A ideia é permitir a simulação de diferentes perfis clínicos. “Poderemos simular pacientes, por exemplo, uma mulher de 30 anos com um tumor suprarrenal de cinco centímetros que secreta cortisol”, explicou Faron.
Reguladores ainda exigem provas com pessoas reais
A possibilidade de reduzir drasticamente o tempo necessário para realizar determinados ensaios desperta naturalmente o interesse da indústria farmacêutica.
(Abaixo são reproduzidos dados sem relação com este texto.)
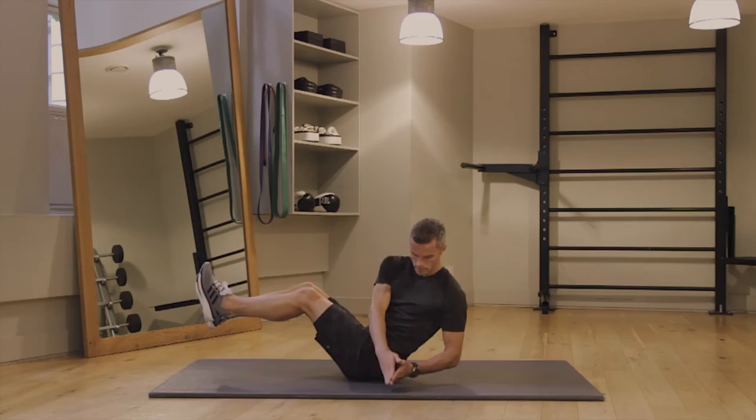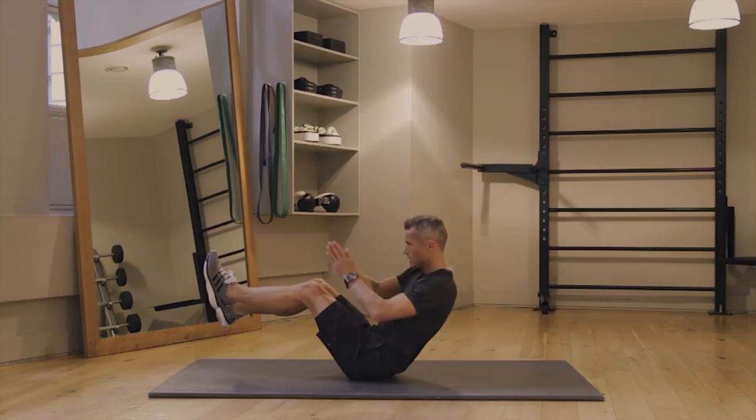Russian twists next. This is a really good old school exercise. Pushing really hard — pivot on the butt, turn the shoulder, touch the floor with the hands. Go for it — 15 to 20 reps.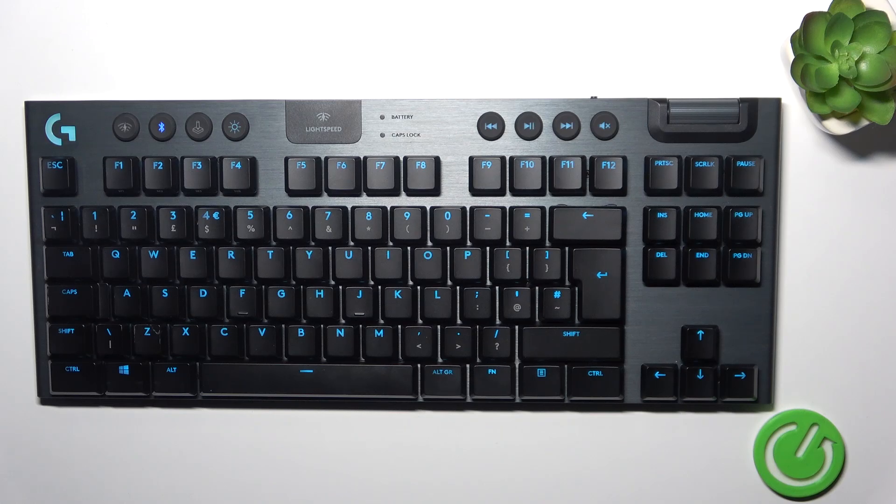Welcome guys to the Harvested Info channel. In front of me is a Logitech G915, and in this video I am going to show you how to remove a key from this keyboard.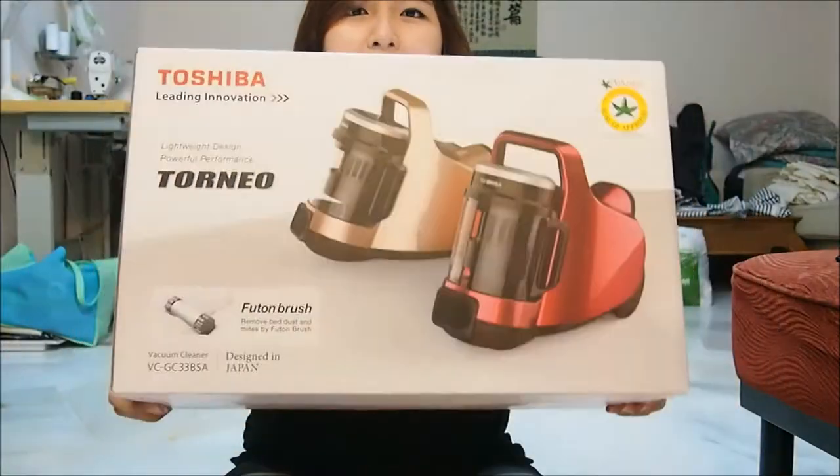Hi everyone! So today I'll be doing an unboxing for Toshiba's new vacuum cleaner.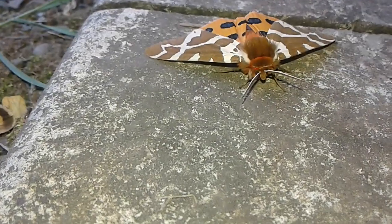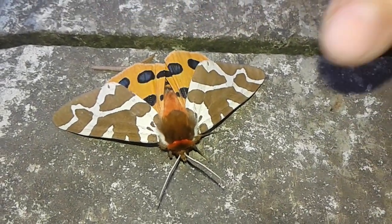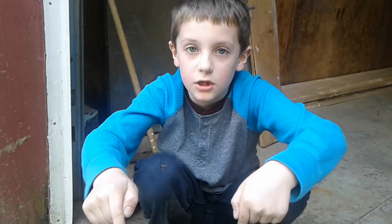I've never seen a moth that looked like that before. And if you know this moth, let us know in the comments below.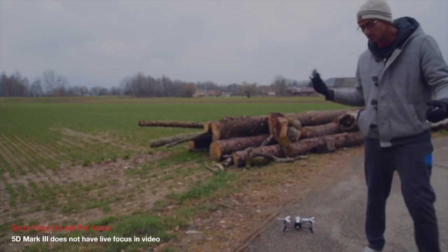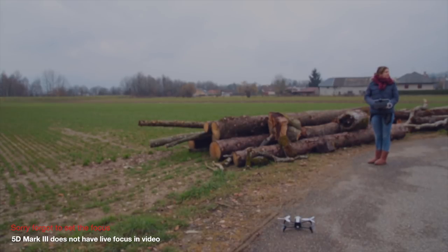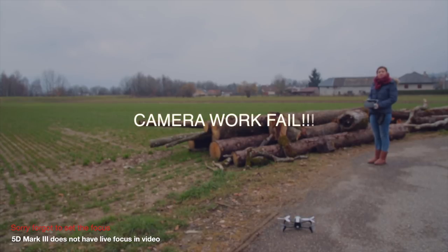What's up everyone. I've got Emi here to help me with the video. She's gonna help me with the Bebop 2 while I do the camerawork and the Mavic for some b-roll footage.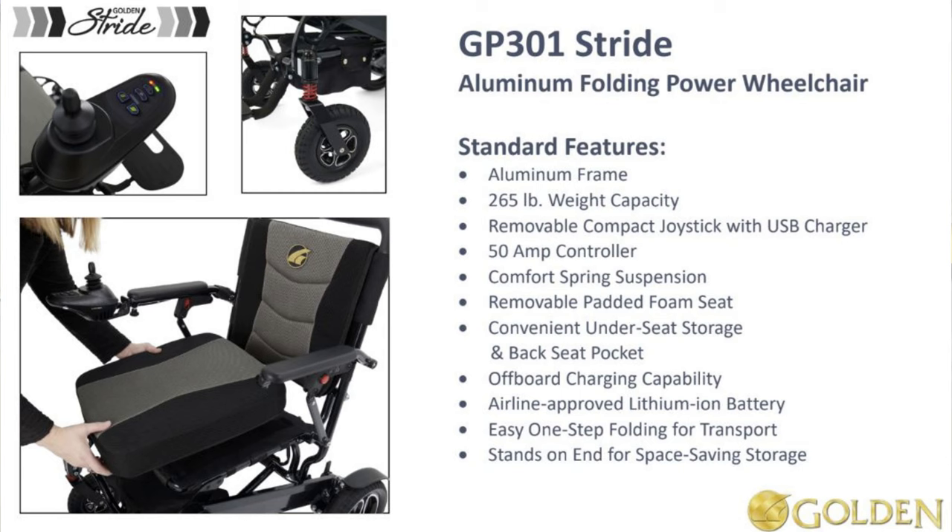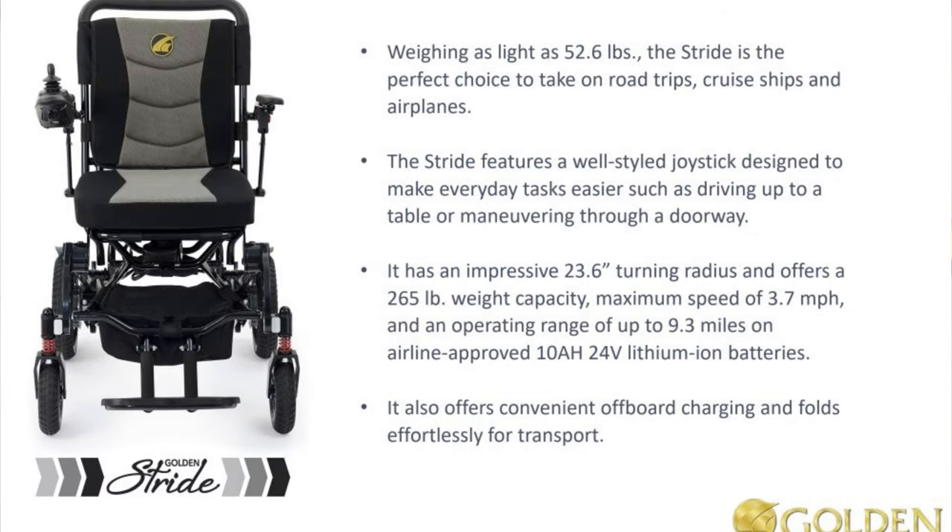It has an aluminum frame, can hold up to 265 pounds, and weighs 55 pounds completely assembled with the battery installed. The battery weighs about 5 pounds, so if you remove the battery, it's a little bit lighter.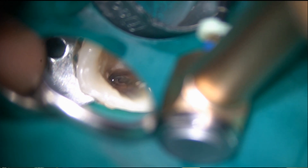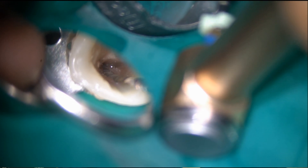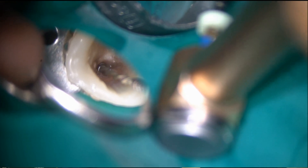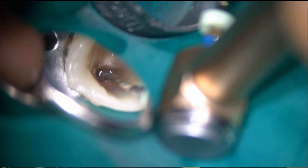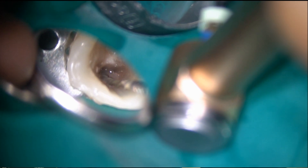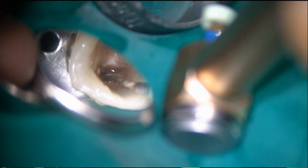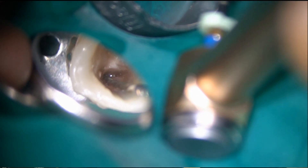I'm using T-Mode: 380 degrees clockwise rotation and 50 degrees counter-clockwise rotation at 150 RPM. This can prevent transportation and also instrument fracture in this reciprocating rotation.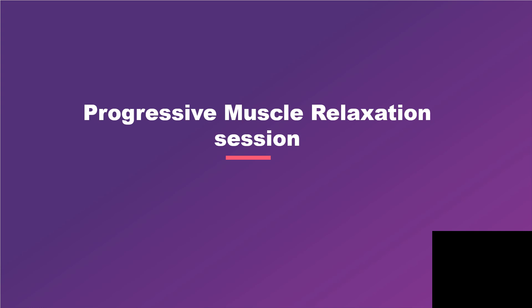Begin by finding a comfortable position. You can sit or lie down, just anything that feels comfortable to you.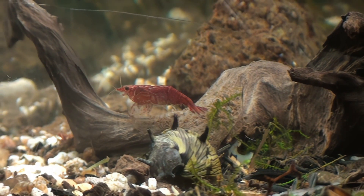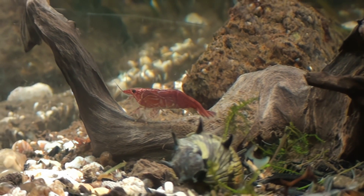Also, give them blanched vegetables — it's a great way to enrich their diet. For promoting successful molting, blanched kale can be very beneficial. You can also provide blanched spinach and blanched zucchini, which are also very good vegetables for your shrimps.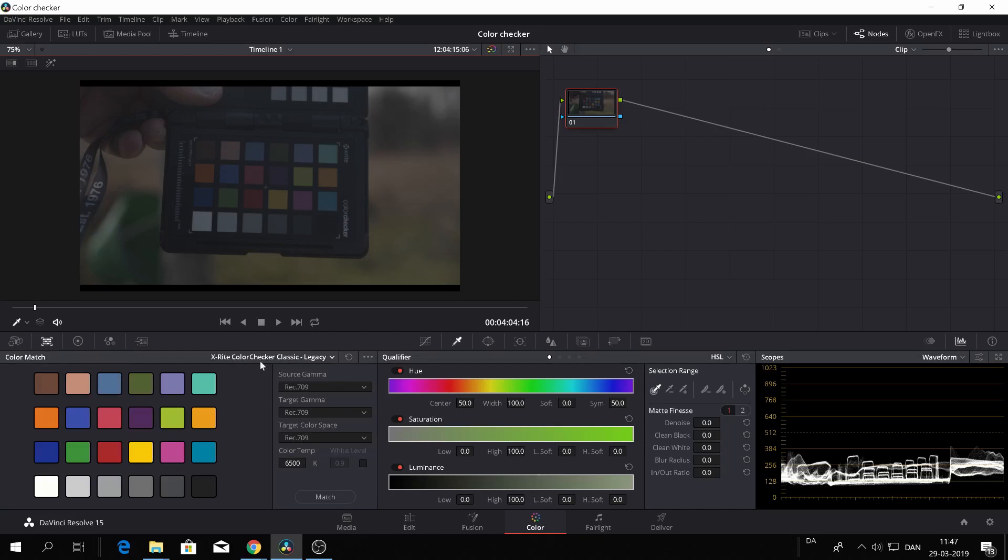So let's head over to DaVinci Resolve and work with the color checker here. First off, we can go right in here and choose the color checker. DaVinci Resolve works with different flavors of color checkers, and they change accordingly to what kind of color checker you use. First up, we are going to match in the colors and we're going to change the source camera for that. I know that I was shooting in Blackmagic flavor, so I will change that.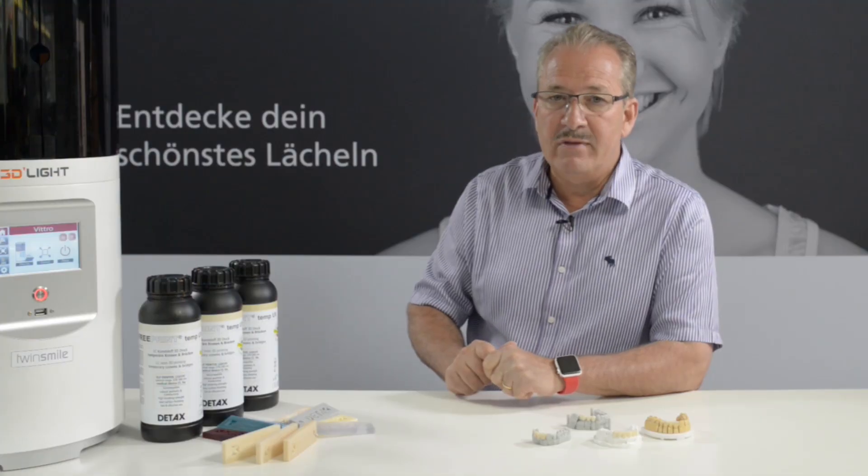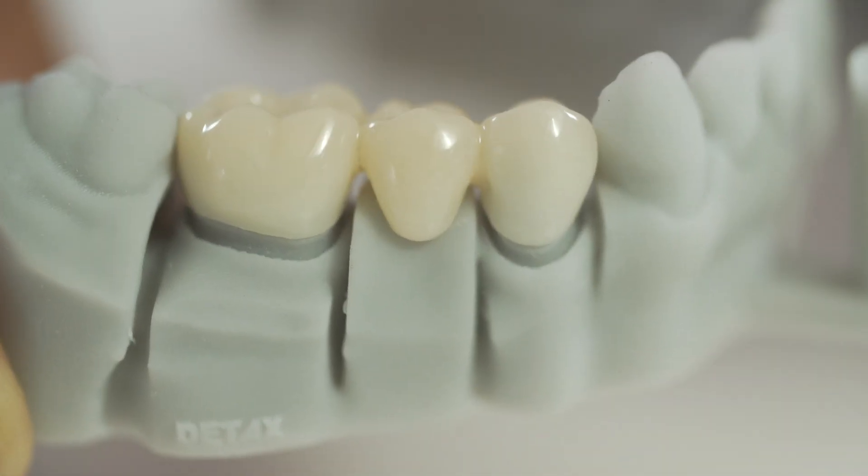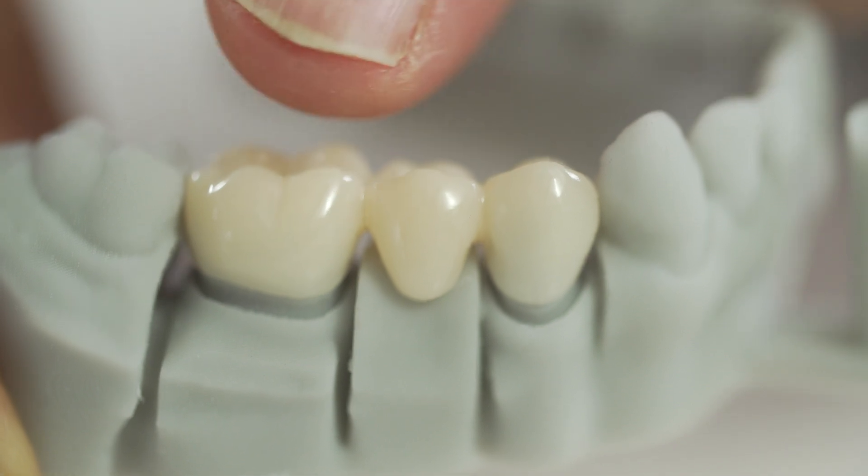If you have a 3D printer like the 3D Light 3D printer, you can produce them in 15 to 20 minutes. And it doesn't matter if you print one or 20 of them.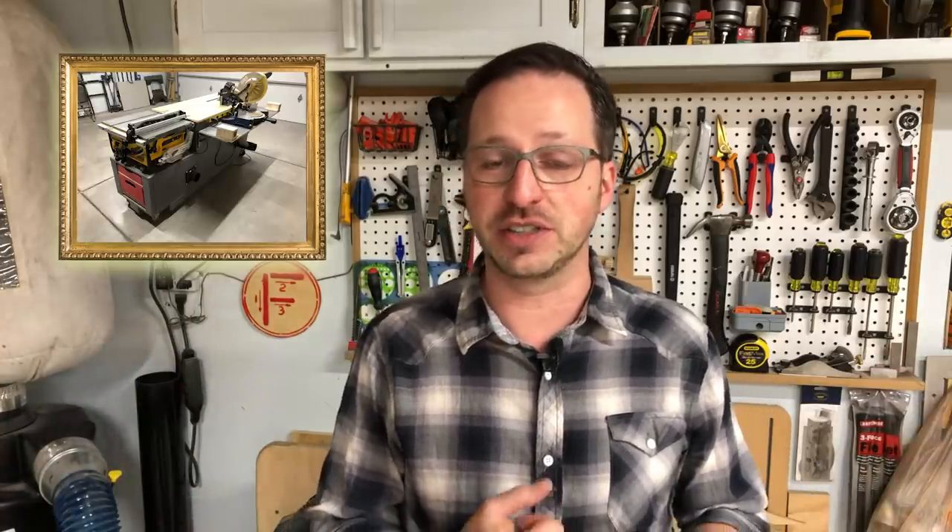We finished the bench build — congratulations on watching all of these. I hope you liked it, I hope you got something out of it. I think it's a good build and a useful build. If not, you can modify it and make it work for you. Definitely you're not allowed to put an octopus sticker on yours — that's mine. Download the plans, check out my band Quasar, and remember: if I can do it, you can definitely do it. Take care!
No entanto, existe um obstáculo decisivo: demonstrar aos reguladores que os resultados obtidos através de pacientes virtuais são suficientemente fiáveis para sustentar decisões sobre medicamentos.
A Agência Europeia de Medicamentos acompanha estas tecnologias com interesse, mas mantém uma posição prudente. Peter Arlett, responsável pela análise de dados e metodologia da EMA, sublinha que a prioridade continua a ser garantir a segurança e eficácia dos medicamentos.
“É nossa responsabilidade proteger os pacientes, garantindo que os medicamentos só são comercializados se forem seguros, eficazes e de elevada qualidade”, afirmou Arlett, numa declaração citada pelo Le Monde.
Para a maioria dos novos medicamentos, isso continua a significar a realização de ensaios clínicos aleatorizados e controlados com pessoas reais.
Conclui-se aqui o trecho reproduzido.